- RECORDS SUPPLIED:
○ ○ ○ ○

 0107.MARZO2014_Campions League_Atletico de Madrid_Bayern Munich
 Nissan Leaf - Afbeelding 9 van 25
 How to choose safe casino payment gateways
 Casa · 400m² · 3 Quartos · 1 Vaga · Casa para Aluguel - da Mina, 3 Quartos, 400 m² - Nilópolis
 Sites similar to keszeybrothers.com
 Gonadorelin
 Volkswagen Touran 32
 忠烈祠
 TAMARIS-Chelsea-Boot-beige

○ ○ ○ ○

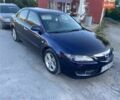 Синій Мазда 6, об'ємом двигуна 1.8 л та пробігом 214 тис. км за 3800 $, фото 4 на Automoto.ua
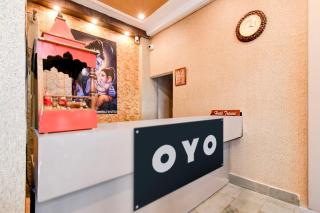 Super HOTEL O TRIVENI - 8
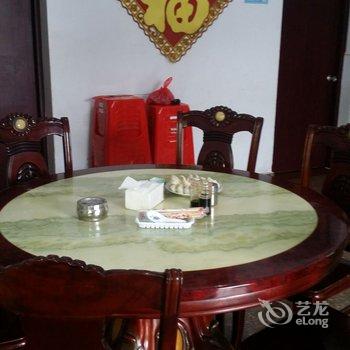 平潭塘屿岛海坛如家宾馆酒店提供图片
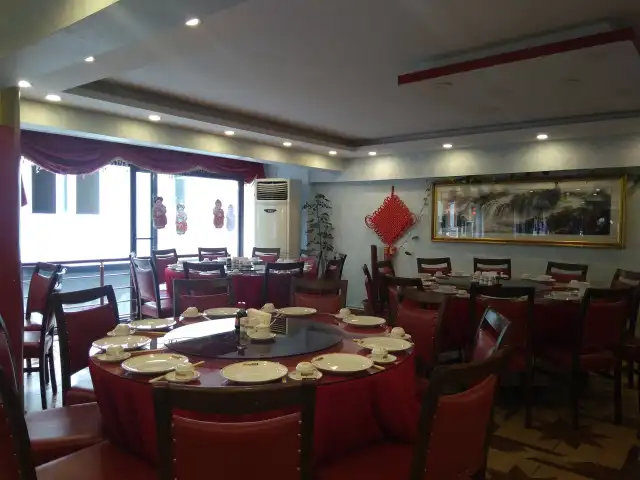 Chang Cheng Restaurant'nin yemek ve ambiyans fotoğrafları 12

○ ○ ○ ○

- WHAT YOU WILL DO: Above are some lines. Repeat exactly, and only, those from the line that has "Nissan Leaf - Afbeelding 9 van 25" through the line that has "TAMARIS-Chelsea-Boot-beige".

- YOUR RESPONSE:
 Nissan Leaf - Afbeelding 9 van 25
 How to choose safe casino payment gateways
 Casa · 400m² · 3 Quartos · 1 Vaga · Casa para Aluguel - da Mina, 3 Quartos, 400 m² - Nilópolis
 Sites similar to keszeybrothers.com
 Gonadorelin
 Volkswagen Touran 32
 忠烈祠
 TAMARIS-Chelsea-Boot-beige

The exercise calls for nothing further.